Watch out when jumping on to the pricing trends bandwagon
Customers today are more empowered because of the availability of information at the click of a button. High rates of smartphone adoption combined with easy access to retailer information through mobile devices, and access to applications like the Amazon Price Check App, give customers immediate, real time insights into the pricing landscape.
To counter this, many retailers have begun “Every Day Low Prices” (EDLP) model in an effort to attract customers with the promise of low prices – without the need to wait for sale price events. This has worked well for retailers like Sam’s Club, Costco and Walmart, which is the largest EDLP retailer in the world today. However, JC Penney’s recent shift to an EDLP pricing strategy by rounding prices off to the nearest dollar did not work well with loyal customers. Before the switch, JCP was the most aggressive coupon retailer next to Bed Bath & Beyond. Frequent JC Penney customers subscribed to the culture of discounting (in 2011 alone there were 590 sales). Its shift to the EDLP strategy was out of sync with customer expectations. So it’s important for you to evaluate how well a new pricing strategy will affect your customers and your brand before deciding to adopt it.

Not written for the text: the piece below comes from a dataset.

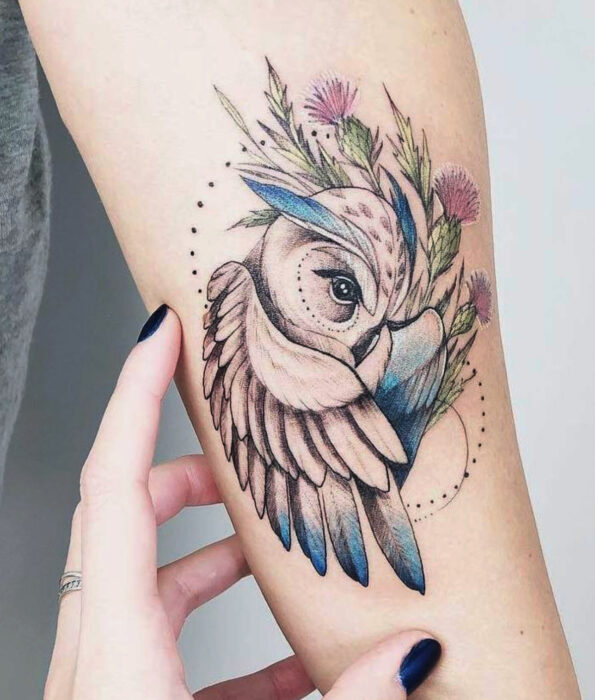 Tatuaje bonito y femenino de ave en el brazo, pájaro búho con flores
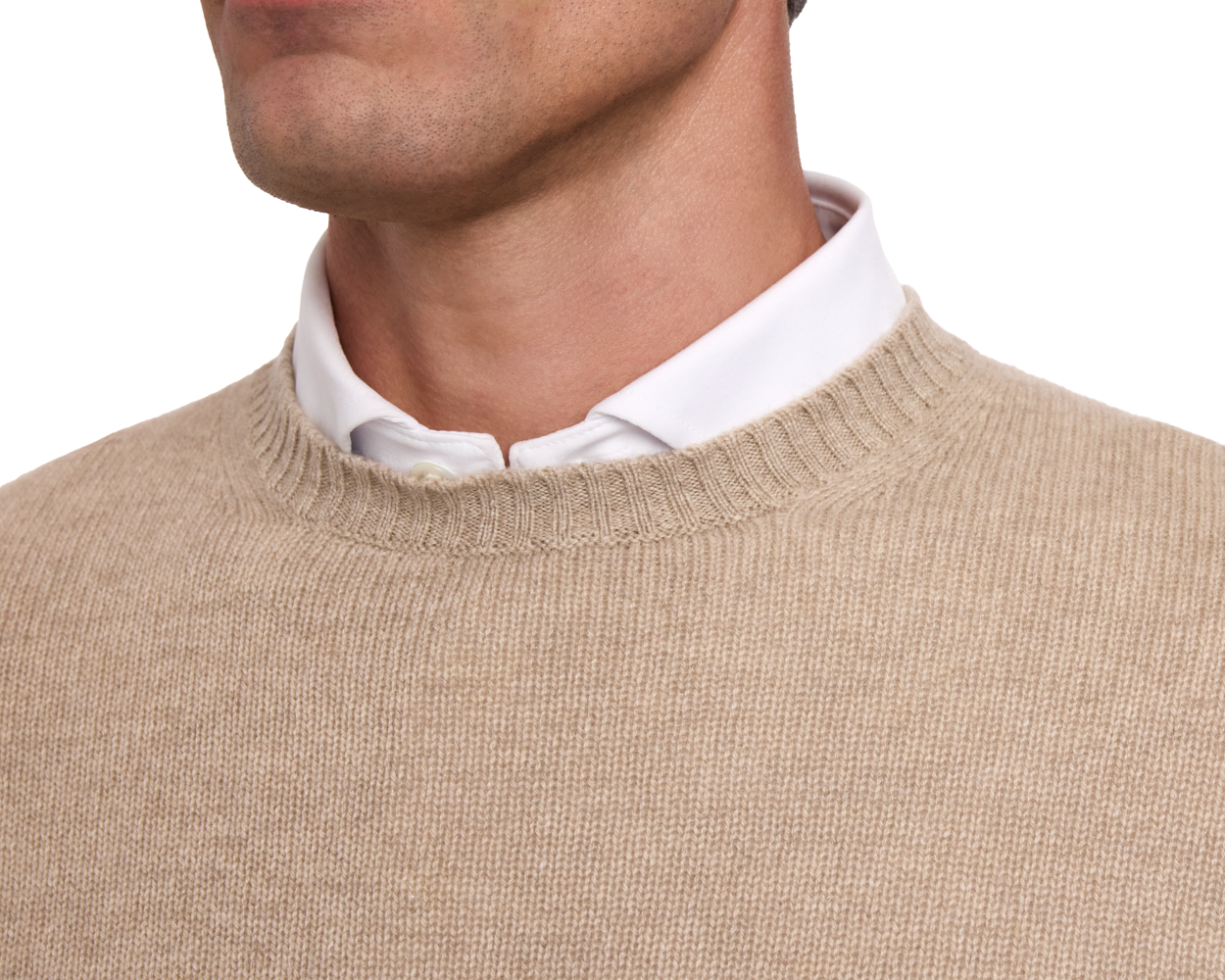 Close-up of a person wearing The Berwick Crewneck Sweater: Heathered Dune, showcasing its plush Scottish cashmere and classic crewneck design over a white shirt.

Optimum prices that work for you – and your customer
Keeping track of hundreds of products and altering prices manually is a near impossible task for any retailer. And as if this was not complicated enough, your pricing decisions should also keep in mind shopper preferences, market trends and the latest purchase patterns i.e., information available to you in your POS systems, loyalty card schemes and online transactions.
An efficient price optimization system, with a strong analytics back-end, will process the impact of customer and sales data, to fine-tune your pricing strategy. It will help you automate your pricing processes and manage prices effectively at every level of your retail value chain – from stores to categories and SKUs. These analytics driven pricing mechanisms will use the vast array historical price, sales, cost, customer and competitive price data to help you fix prices that dramatically increase profits while keeping your customers coming in.
Are your price optimization decisions driven by a strong analytics system?